The present invention relates to an apparatus for acquiring dump truck duty cycle data in a form useful for determining truck performance and severity of operation.
In large construction projects, such as the building of a highway or dam, a construction company will utilize a number of dump trucks and operate these dump trucks for long hours. In order to avoid breakdown of a dump truck and to have some indication when the dump truck should be pulled off the job for maintenance, many construction companies are anxious to measure truck activity and, more specifically, such duty cycle parameters as the hours the truck has been running, its fuel consumption, the job severity, and the productivity of the truck use, as determined by the number of loads dumped (dump cycles).
Heretofore, one method for obtaining duty cycle data of this nature has been to obtain or gather data in the form of ground speed or engine speed histograms recorded on circular graphs. However, the analysis of these circular graphs provided very limited insight into truck activity and did not provide a convenient means for maintaining summary results or for identifying deviation from normal truck operation or from normal truck productivity.
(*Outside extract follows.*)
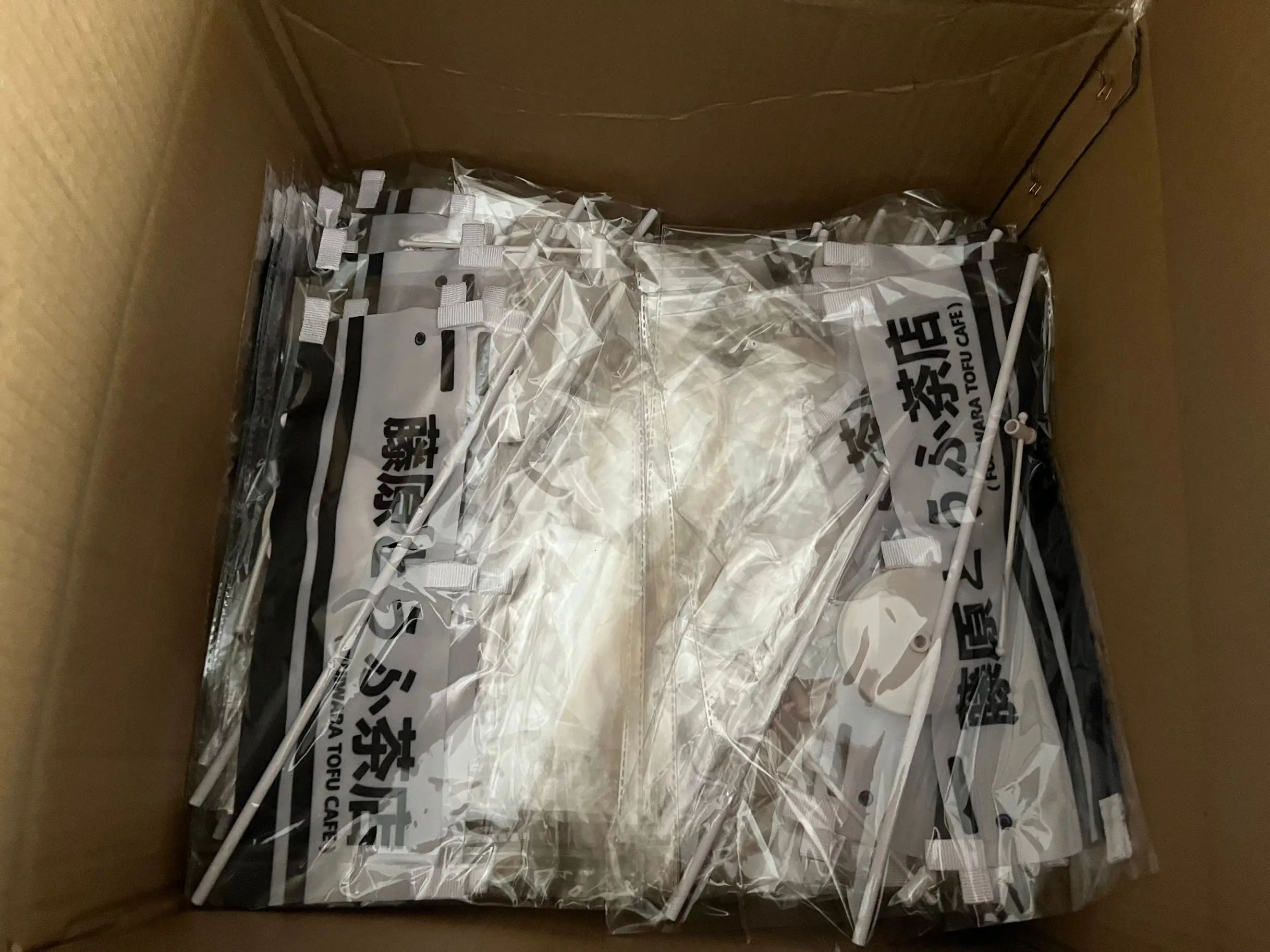 Factory Cheap High Quality 13*36cm Custom Logo Table Flag Mini Nobori Flag with Pole Stand Base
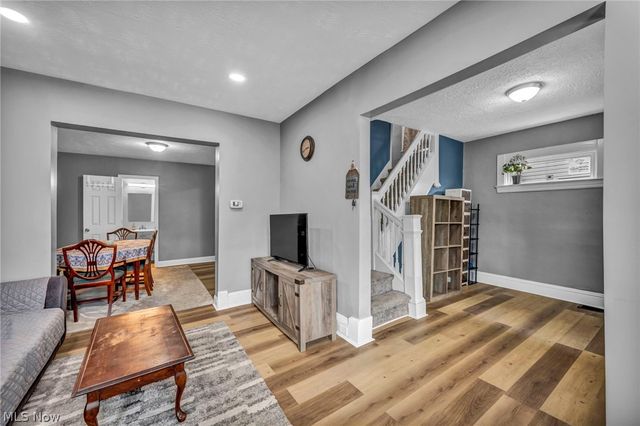 3146 W 90th Street, Cleveland, OH 44102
More recently, data recording instruments have been introduced which use microprocessor computer systems to obtain and to record the data in histogram form in a memory pack for subsequent interfacing with computers for analysis. One such commercially available instrument is identified as the "DATAMYTE.RTM. 400" sold by Electro General Corporation of Minnetonka, Minn. More specifically, when operated with its "457 Switchable Time at Level" Program, the "Datamyte 400" microprocessor is capable of determining whether an analog input, such as vehicle speed, is within one of 32 increments and recording the time that the signal remains in that increment in one of eight separate memories depending on the actuated combination of three external switch inputs. With a special binary coded switch cable, eight individual inputs can be separately actuated to channel the analog input to a separate memory. With other programs, the Datamyte can count events, such as the amount of closures of the three external switches.
However, in dump truck operation it is desirable not only to measure the amount of time the truck is operating at a given speed level within a given mode, such as full throttle forward, but also to measure events, especially the completion of a dump cycle when the operator raises his loaded dump body to dump the material therein.